Davutoğlu'nun yanlışları, yetersizlikleri batı ülkeleri ile ilişkilerde de ağır biçimde kendini gösterdi. AB ülkelerinin tamamı Türkiye ile arasına mesafe koydu. Ermeni iftiraları büyük kabul ve destek gördü. Obama ve Putin, Erdoğan'ın yanında kendisini garson çağırır gibi, parmak işaretiyle yanlarına çağırdı ve bu vahim durumu bile hazmetmekte bir sakınca görmediler. ABD ile ilişkiler tarihin hiçbir döneminde olmadığı kadar yavaşladı. Eline sopa alarak Erdoğan'a ayar veren Obama, bununla da yetinmedi aylarca telefonlara dahi çıkmadı. Davutoğlu döneminde kazanan, rahatlayan ve çok daha kolay yayılma fırsatı bulan tek ülke İsrail oldu. Bugün Gazze'de açık ve aleni bir soykırım yapıyor. Türkiye'nin ne söylediği, ne yaptığı, nerede durduğu kimsenin umurunda bile olmuyor. Barış girişimlerini ve görüşmelerini güya demokrasi ayarı verdiğimiz Mısır yürütüyor. 

Türkiye'yi zindan etmesine müsaade edilmeyecek 

Ahmet Davutoğlu'nun başbakan olması, yeni ve daha derin sorunları da kaçınılmaz hale getirmiştir. Zaten üçüncü sınıf bir Ortadoğu ülkesi haline getirilen Türkiye'yi çok daha zor günler bekliyor.
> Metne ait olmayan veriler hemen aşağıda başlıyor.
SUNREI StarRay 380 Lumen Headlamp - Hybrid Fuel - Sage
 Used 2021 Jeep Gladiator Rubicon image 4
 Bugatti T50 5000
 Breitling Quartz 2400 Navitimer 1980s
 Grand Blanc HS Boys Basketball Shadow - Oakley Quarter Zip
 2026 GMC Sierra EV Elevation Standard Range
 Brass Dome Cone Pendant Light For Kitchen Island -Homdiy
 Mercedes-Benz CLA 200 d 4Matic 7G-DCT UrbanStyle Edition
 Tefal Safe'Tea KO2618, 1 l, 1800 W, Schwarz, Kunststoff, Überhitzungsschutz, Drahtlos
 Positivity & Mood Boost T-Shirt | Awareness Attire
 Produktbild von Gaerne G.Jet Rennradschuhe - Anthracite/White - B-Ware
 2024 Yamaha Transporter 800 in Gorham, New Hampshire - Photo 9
Davutoğlu, "restorasyon hareketi hiçbir ara ve kesintiye uğramadan devam edecektir" derken, her halde kendi yıkımından bahsediyordur. Zira Türkiye'nin 12 yıllık büyük yıkım karşısında büyük bir restorasyona ihtiyacı olduğu kesindir. MHP Genel Başkanı sayın Devlet Bahçeli'de bu duruma dikkat çekmiş ve " Türkiye'nin her yerini sorun haline getiren kişi, partinin genel başkan adayı olarak takdim edildi. Kendisi BOP'un Ortadoğu'yu zindan eden elemanlarıdır. BOP'un Türkiye cuntasıdır. Türkiye'yi zindan etmesine Allah'ın izniyle müsaade edilmeyecektir." Sözleriyle hem uyarıda bulunmuş, hem de bu vahamete daha fazla seyirci kalınmayacağını göstermiştir.